Needed from the data below: every line from the one with "EUGENIA SACERDOTE DE LUSTIG" up to and including the one with "Arena Hotel Khmelʼnytsʼkyy Exterior foto", repeated exactly and with nothing else.

◆ **Data under study**
..........

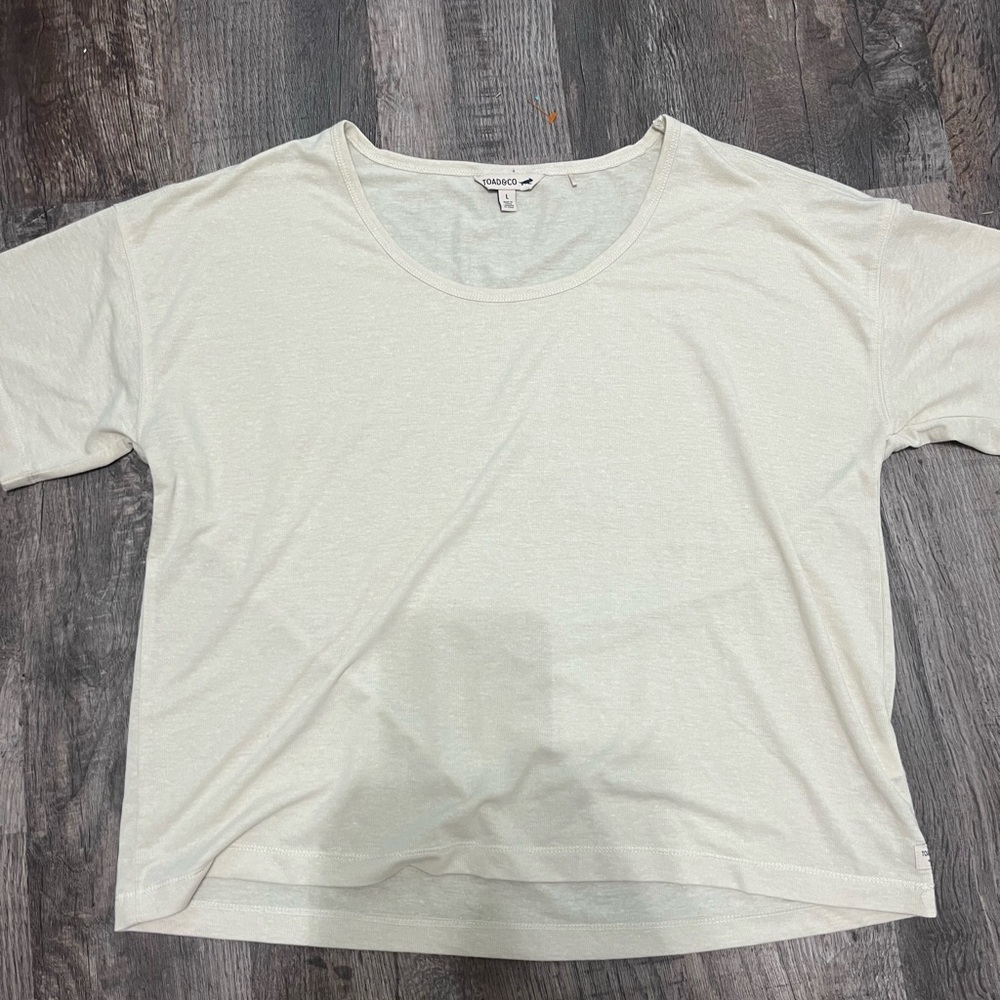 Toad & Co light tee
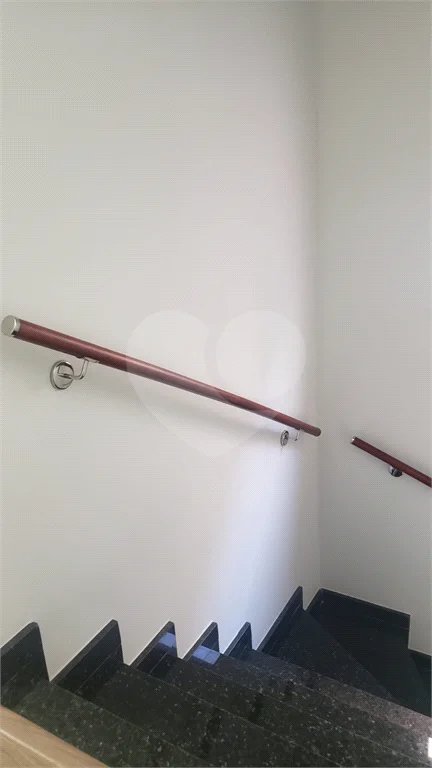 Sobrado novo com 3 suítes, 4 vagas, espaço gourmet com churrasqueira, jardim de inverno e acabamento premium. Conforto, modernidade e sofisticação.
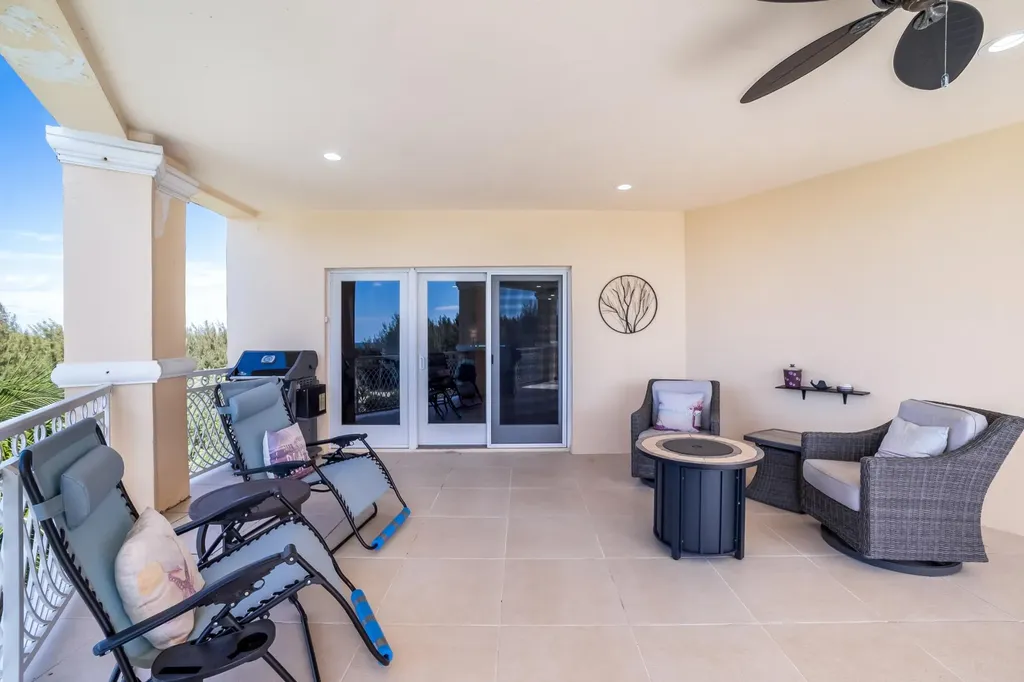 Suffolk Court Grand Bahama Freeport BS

..........

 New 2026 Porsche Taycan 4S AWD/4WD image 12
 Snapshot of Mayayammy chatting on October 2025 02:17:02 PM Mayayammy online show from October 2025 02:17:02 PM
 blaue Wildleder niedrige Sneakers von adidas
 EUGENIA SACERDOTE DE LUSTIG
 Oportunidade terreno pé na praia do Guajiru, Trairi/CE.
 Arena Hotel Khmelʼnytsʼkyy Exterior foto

..........

◆ **Task answer**
 EUGENIA SACERDOTE DE LUSTIG
 Oportunidade terreno pé na praia do Guajiru, Trairi/CE.
 Arena Hotel Khmelʼnytsʼkyy Exterior foto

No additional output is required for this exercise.